SANTA CLARA, Calif. – Some more details of a design error in a companion chip to the Sandy Bridge processor – and the fix being implemented – have emerged in a conference call held by Intel with financial analysts to discuss the issue and the impact on Intel's revenues and margins.
The chip, known as Series 6 or Cougar Point, passed rigorous functional testing performed by both Intel and its OEMs but nonetheless there is a problem which can show up in a low percentage of chips, according to Steve Smith, vice president of PC client operation enabling, speaking on the call.
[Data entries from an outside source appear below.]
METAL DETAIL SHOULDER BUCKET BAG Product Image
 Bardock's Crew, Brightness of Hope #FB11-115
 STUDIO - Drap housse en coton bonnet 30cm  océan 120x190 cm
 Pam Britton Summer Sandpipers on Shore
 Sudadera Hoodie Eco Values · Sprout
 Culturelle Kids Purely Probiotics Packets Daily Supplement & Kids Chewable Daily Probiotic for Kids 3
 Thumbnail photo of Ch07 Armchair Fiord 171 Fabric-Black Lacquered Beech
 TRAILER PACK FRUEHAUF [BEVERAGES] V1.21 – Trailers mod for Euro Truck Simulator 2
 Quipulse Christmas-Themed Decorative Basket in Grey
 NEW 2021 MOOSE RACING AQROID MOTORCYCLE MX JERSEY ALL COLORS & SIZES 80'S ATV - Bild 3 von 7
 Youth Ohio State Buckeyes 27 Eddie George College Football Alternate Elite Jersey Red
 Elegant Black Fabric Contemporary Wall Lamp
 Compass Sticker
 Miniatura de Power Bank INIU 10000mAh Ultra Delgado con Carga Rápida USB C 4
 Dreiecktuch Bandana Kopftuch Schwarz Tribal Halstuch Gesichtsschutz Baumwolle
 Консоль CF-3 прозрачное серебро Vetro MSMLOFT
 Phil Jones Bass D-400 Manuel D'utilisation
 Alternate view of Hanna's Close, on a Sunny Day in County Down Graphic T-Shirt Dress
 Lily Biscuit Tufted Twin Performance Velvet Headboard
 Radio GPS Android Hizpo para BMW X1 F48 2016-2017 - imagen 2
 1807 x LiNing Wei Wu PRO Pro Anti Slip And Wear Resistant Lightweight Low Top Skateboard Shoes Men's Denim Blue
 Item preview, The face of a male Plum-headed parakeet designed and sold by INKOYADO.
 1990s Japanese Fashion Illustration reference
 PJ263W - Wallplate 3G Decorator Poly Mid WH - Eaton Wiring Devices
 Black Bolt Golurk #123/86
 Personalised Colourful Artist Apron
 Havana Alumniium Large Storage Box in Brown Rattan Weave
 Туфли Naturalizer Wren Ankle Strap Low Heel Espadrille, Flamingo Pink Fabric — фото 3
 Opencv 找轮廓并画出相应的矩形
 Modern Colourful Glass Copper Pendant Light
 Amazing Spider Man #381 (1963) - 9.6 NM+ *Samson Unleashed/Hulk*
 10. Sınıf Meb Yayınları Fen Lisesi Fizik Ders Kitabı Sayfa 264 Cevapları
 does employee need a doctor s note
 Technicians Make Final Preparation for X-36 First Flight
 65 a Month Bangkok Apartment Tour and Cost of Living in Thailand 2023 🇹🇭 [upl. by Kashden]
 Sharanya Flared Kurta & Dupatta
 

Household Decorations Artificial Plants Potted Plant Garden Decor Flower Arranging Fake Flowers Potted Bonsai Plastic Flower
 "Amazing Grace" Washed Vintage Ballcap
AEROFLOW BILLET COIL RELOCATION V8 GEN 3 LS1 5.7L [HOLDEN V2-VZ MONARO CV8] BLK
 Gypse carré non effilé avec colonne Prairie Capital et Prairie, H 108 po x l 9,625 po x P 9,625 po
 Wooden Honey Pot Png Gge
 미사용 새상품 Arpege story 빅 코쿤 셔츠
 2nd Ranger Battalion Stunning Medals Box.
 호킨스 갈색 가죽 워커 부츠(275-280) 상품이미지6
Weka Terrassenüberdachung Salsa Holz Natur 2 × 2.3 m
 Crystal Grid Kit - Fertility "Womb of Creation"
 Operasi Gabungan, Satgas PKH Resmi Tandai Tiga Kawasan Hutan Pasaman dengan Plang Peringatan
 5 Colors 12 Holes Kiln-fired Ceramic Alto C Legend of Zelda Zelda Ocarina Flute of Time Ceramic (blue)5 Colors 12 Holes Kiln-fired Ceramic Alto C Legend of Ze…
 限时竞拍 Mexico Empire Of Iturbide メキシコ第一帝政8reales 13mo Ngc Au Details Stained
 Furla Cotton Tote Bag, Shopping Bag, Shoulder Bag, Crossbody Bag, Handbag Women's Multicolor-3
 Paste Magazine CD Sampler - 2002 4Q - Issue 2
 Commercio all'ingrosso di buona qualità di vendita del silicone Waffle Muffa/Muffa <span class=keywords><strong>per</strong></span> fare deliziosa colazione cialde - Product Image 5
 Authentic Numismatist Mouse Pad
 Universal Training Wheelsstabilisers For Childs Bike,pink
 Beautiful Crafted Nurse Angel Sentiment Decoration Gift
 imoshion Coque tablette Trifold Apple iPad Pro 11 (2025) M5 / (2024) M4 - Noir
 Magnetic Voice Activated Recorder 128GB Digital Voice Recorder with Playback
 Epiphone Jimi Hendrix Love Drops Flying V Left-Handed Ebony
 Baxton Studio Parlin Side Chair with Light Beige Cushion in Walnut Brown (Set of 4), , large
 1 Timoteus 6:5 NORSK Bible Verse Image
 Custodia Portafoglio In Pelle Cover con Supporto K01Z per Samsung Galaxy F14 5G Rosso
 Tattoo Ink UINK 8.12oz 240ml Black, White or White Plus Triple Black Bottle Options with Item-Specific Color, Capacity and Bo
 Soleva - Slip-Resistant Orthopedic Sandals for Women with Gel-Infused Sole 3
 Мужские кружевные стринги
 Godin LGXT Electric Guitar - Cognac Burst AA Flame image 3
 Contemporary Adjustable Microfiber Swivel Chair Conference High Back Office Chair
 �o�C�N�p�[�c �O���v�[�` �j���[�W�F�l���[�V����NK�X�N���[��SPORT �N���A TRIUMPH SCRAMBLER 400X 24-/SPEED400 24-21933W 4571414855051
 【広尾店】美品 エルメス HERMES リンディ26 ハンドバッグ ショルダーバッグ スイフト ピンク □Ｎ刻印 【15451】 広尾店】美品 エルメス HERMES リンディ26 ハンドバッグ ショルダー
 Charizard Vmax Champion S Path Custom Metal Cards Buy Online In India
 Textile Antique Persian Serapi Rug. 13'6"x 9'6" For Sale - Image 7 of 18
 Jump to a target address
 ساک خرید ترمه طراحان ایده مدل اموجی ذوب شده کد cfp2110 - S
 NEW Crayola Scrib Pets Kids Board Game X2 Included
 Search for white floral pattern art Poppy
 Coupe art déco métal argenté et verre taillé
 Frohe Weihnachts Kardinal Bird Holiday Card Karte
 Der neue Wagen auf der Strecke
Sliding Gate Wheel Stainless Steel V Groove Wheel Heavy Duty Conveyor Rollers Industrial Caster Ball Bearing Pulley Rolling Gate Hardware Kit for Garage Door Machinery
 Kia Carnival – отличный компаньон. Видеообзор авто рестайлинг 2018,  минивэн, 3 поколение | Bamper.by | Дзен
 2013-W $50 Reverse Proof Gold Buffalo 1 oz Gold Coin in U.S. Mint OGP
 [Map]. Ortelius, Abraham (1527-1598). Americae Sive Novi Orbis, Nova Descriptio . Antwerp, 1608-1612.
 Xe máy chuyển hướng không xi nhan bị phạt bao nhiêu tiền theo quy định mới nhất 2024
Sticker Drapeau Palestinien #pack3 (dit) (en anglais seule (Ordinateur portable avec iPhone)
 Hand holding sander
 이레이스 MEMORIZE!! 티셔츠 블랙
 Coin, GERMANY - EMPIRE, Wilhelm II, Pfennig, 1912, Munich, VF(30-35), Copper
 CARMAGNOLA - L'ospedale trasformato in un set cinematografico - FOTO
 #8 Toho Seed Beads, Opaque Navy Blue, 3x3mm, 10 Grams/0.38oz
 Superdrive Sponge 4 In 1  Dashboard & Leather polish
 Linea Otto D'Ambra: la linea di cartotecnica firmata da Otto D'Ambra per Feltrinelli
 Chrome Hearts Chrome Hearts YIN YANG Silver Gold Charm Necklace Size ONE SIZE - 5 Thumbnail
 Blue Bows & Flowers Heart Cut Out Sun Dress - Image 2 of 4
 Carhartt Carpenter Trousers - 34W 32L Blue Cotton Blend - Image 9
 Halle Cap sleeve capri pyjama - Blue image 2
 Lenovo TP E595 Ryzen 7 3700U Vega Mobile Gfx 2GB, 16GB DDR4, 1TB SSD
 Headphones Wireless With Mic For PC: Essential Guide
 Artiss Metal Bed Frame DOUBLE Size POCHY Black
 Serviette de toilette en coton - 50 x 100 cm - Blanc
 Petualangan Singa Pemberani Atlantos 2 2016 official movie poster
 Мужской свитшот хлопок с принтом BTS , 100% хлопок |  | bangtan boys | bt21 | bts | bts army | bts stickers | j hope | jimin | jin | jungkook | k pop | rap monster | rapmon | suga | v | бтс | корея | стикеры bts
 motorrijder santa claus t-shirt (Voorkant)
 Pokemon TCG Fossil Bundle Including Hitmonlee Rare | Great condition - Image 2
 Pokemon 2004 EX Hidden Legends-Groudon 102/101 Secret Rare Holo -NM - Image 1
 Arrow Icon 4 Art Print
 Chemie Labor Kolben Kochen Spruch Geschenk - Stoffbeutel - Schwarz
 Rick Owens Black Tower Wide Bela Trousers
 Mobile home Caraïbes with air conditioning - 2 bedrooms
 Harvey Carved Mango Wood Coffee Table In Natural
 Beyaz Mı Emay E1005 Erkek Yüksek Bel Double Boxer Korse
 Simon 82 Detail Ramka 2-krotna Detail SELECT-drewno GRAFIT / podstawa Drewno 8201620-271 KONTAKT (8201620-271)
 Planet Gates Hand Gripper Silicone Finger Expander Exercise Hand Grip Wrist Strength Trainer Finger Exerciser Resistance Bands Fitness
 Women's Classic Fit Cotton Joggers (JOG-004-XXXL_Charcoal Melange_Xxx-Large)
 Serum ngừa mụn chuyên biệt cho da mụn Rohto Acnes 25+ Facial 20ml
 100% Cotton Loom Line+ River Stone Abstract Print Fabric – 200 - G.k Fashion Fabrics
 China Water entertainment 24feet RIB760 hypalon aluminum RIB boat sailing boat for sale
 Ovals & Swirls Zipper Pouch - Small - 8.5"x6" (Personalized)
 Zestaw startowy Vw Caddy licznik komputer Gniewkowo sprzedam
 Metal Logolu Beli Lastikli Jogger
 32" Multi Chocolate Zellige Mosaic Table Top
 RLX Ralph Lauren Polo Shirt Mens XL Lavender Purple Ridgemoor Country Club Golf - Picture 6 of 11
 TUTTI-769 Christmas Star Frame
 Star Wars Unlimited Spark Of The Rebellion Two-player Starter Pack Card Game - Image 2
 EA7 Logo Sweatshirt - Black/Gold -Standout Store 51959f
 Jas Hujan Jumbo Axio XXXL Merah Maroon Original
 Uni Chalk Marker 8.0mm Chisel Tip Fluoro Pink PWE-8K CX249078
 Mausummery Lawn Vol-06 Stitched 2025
Smith said his best estimate was that a single-digit percentage of the chips, about 5 percent, have the potential to be affected over the typical 3-year life of a notebook computer. And the error would manifest itself with up to 4 of 6 serial-ATA channels being degraded in performance or failing altogether.
Systems including the chips only started shipping to consumers on Jan. 9 and there are no known reported failures in the field. Nonetheless Intel has suspended shipments of the chip while it brings up a corrected design and will provide replacements and support to affected parties.
"The root cause is a design oversight, if you will, and all we needed to do was make a metal change to configure that circuit back to a robust operating mode. And it's on one of the later layers of metal so we actually can utilize all the chipset pipeline that has been there and is there in the fab right now," said Smith.
Because the chipset is built in a relatively mature 65-nm process, Smith said there is confidence that the corrected chip can ramp up production quickly.
The testing Intel did was not that good. I would argue Intel should do a much better job on their chip sets in general and that Intel management and marketing is now regretting their poor decision making. Intel's problem in this case is quite serious. Nobody is going to like potential data corruption on their hard drives. I am quite surprised Intel did not announce a full recall.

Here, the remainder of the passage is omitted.